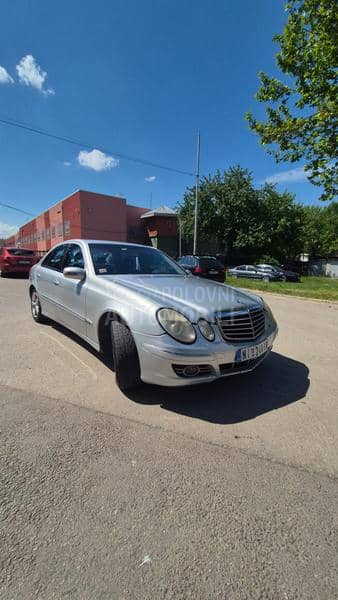 Mercedes Benz E 320 320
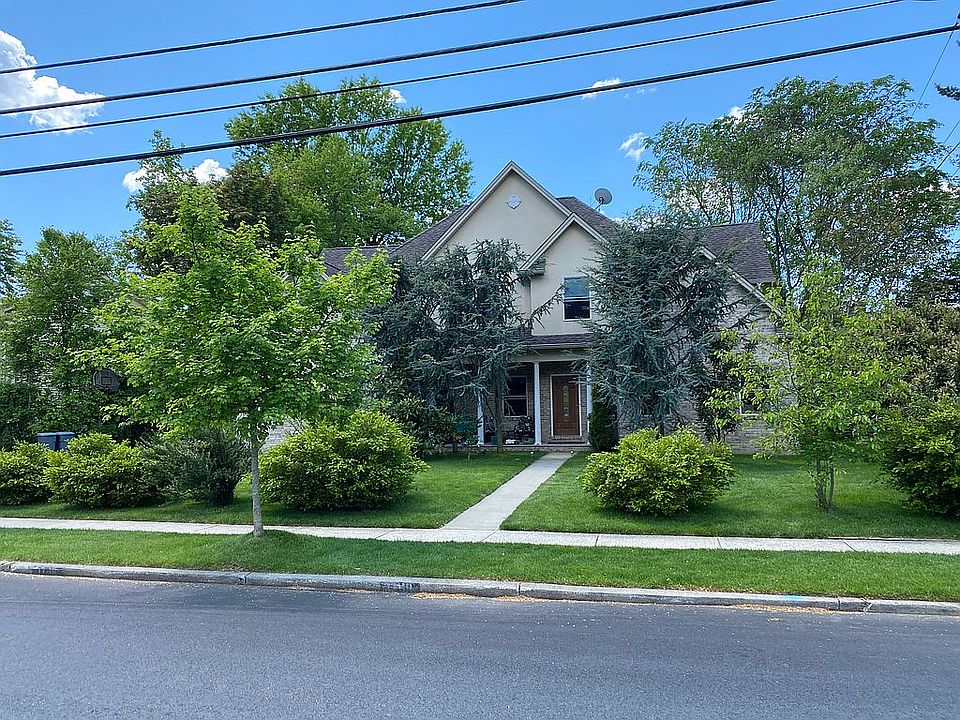 2nd image of 17-18 Greenwood Dr #1X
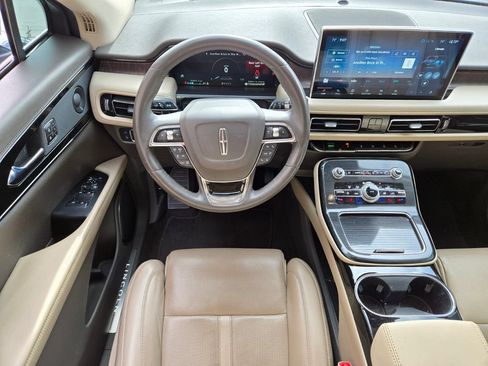 Used 2023 Lincoln Nautilus Reserve w/ Equipment Group 201A FWD image 8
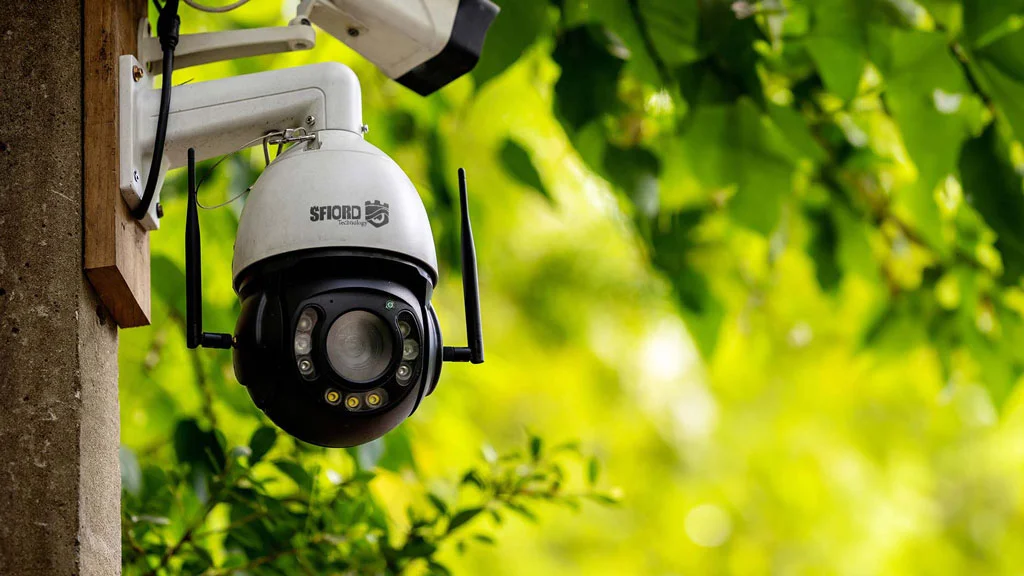 طراحی مسیرها و دسترسی‌ها در باغ برای امنیت بیشتر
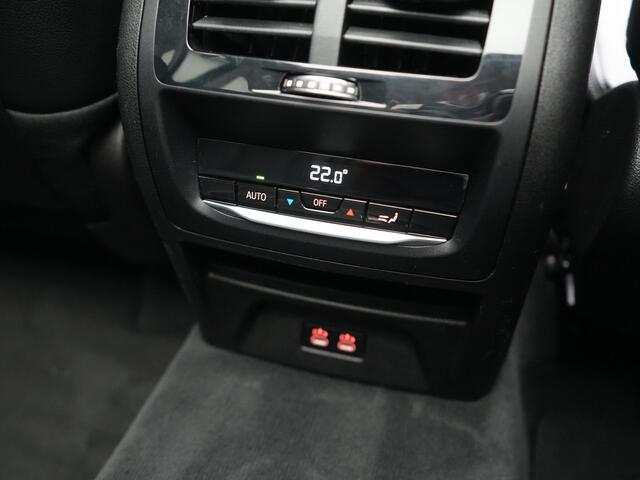 BMW X3 xDrive30e Advantage FACELIFT PHEV 293pk Dealer O.H. | Trekhaak Af Fabriek | Panodak | 360 Camera | Lederen Sportstoelen & Stuur Verwarmd | Apple Carplay | Navigatie | DAB | Virtual Cockpit | Plug In Hybrid |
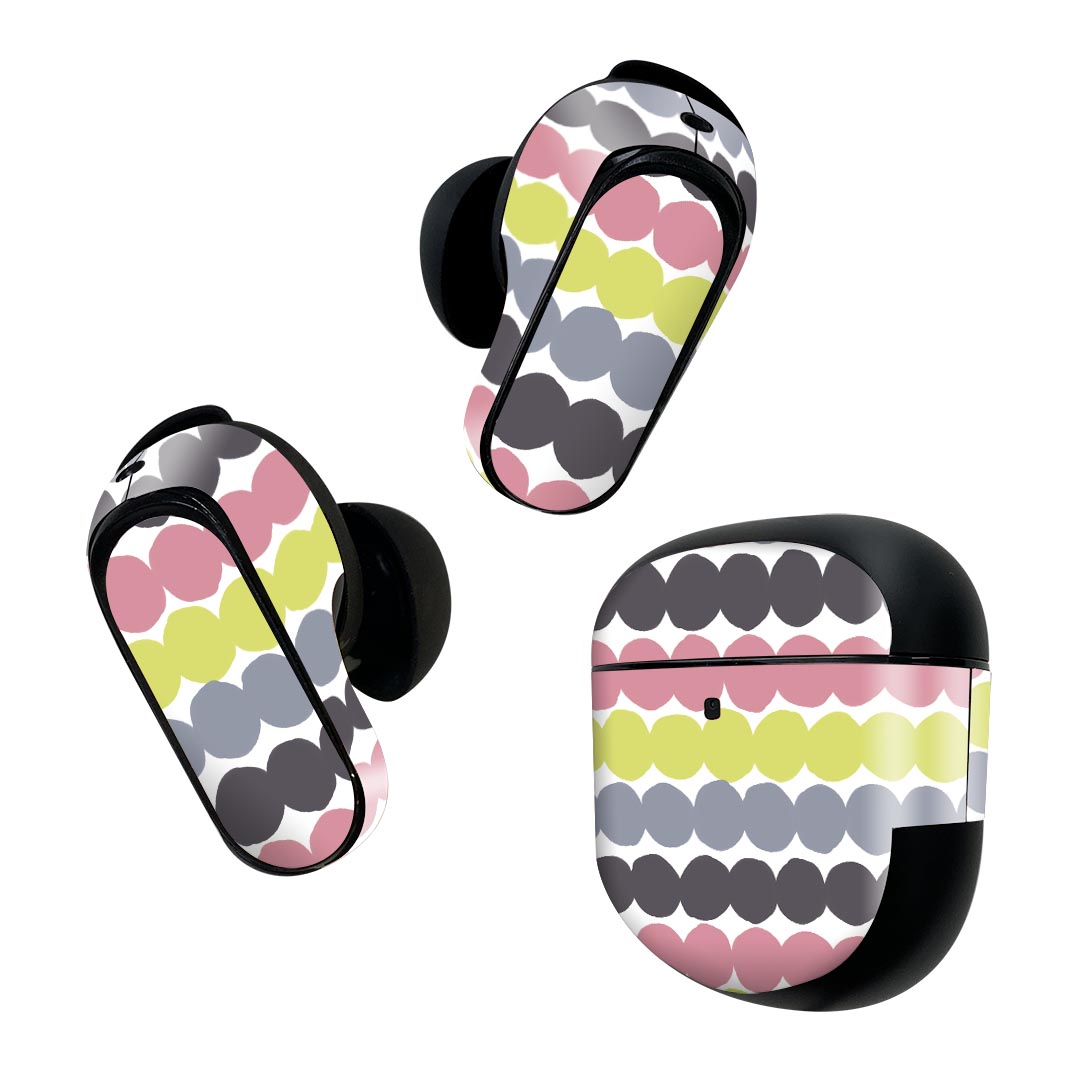 製品名 Bose QuietComfort Earbuds II 専用デザインスキンシール セット内容 Bose QuietComfort Earbuds II 専用シール　イヤホン（左右）3枚、充電ケース用シール 1枚AirPods第3世代専用です。第1?2世代、Proシリーズには対応していません。 商品特徴 再剥離性シートを素材に採用し、細かな位置調整がしやすく貼り直しが容易です。また、エアフリーでもありますので気泡が簡単に逃げるので、キレイに貼ることができます。専用の業務プリンターを使い、商品画像と遜色のない美しい印刷仕上がり。 注意事項 画像はサンプルですので、ご覧の環境によっては多少色味に違いを感じる場合がございます。 イメージと違った、モニターと色味が異なるという理由での交換や返金はご対応出来かねます。スキンシールのみの販売で、機器本体や充電ケース本体は付属しません。シワができた場合、ドライヤーなどで軽く温め、外側に向けてシワを伸ばすように貼ってください。初回貼付時の位置調整や貼り直しは可能ですが、しっかりと押し付けて接着させた後の再剥離、再利用は保証しておりません。また接着部に油分や汚れが付着しますと角の部分は剥がれやすくなりますので、貼付時はあまり触れないようにご注意ください。無地のセミグロスシートにデザインをプリントした商品で、デコなどの加工はございません。 凹凸や光沢があるように見えたり布地や金属を素材にしたように見える商品もありますが、デザインの図版によるものです。印刷時に微妙な画像のズレが生じる場合がございます。ご注文後に1点1点制作する受注生産品の為、不良品以外のご返品や交換は固くお断りします。 商品発送 完全受注生産のハンドメイド商品となりますので、既製品と比べて発送までお時間を頂いています。 基本的に決済確認後2~3営業日、最大で10営業日での発送となります。繁忙期や休業日明けの場合はさらに時間がかかる場合があります。 その際には別途メールにてご連絡致します。メール便の場合、発送日から到着までに2?4日ほどかかる場合が多く、紛失などの保障もご対応できかねます。あらかじめご了承下さい。
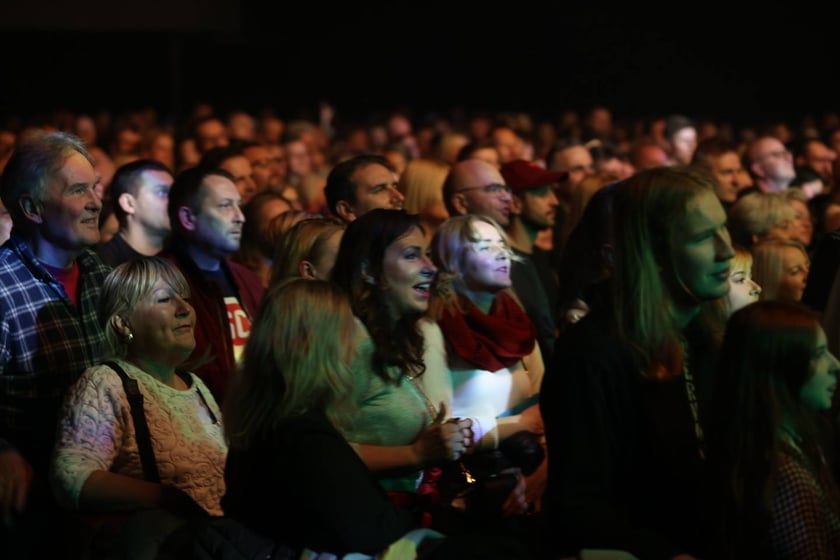 Zagrały gwiazdy IRA, Elektryczne Gitary i T.Love. wROCK for Freedom w Hali Stulecia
--*--
◆ WORK REQUEST
Would you please reproduce the entries above, starting at the line with "Used 2023 Lincoln" and stopping after the line with "طراحی مسیرها و"? Omit any pictures.

◆ THE COMPLETED TASK
 Used 2023 Lincoln Nautilus Reserve w/ Equipment Group 201A FWD image 8
 طراحی مسیرها و دسترسی‌ها در باغ برای امنیت بیشتر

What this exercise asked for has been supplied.